● Work task
Would you transcribe the entries below, beginning at the line with "Saint Michel Chalets Al Arz Luaran gambar" and ending after the line with "국산 캠핑의자 발커버 블루 투톤 코트핏 4개입, 씽버스 블루 투톤 TYPE 1", exactly, with no picture and nothing more?

● The input
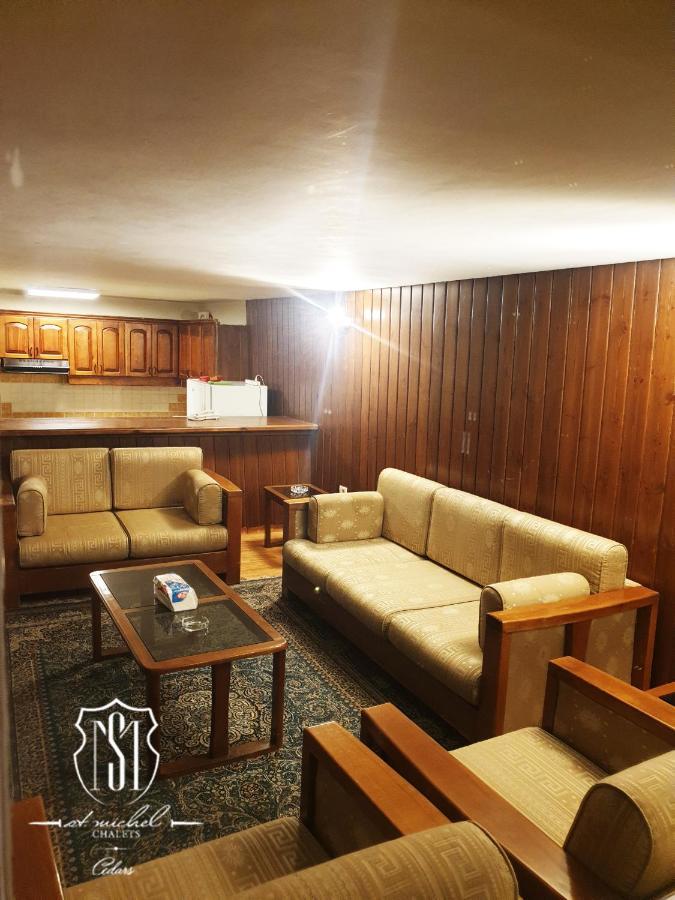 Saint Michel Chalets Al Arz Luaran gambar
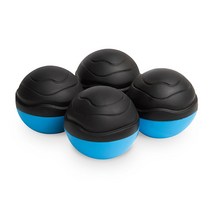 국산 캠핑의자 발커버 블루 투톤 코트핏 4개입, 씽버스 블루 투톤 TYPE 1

--

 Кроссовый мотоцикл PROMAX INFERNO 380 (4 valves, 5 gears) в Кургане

...

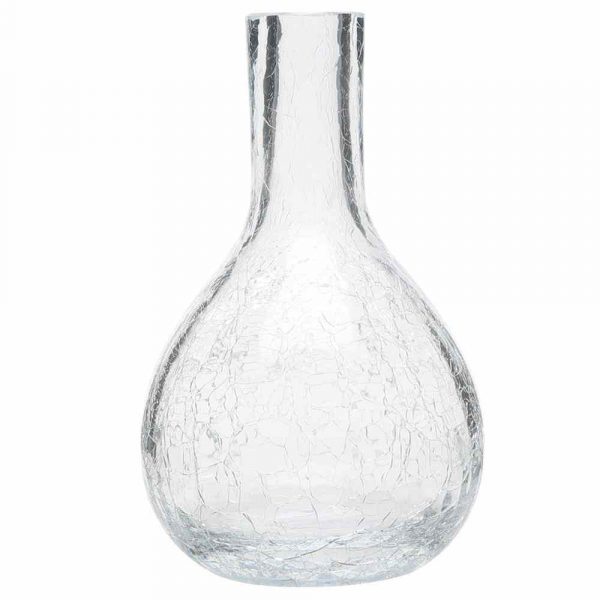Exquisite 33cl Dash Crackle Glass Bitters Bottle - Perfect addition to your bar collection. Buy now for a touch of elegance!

● Answer space
 Saint Michel Chalets Al Arz Luaran gambar
 국산 캠핑의자 발커버 블루 투톤 코트핏 4개입, 씽버스 블루 투톤 TYPE 1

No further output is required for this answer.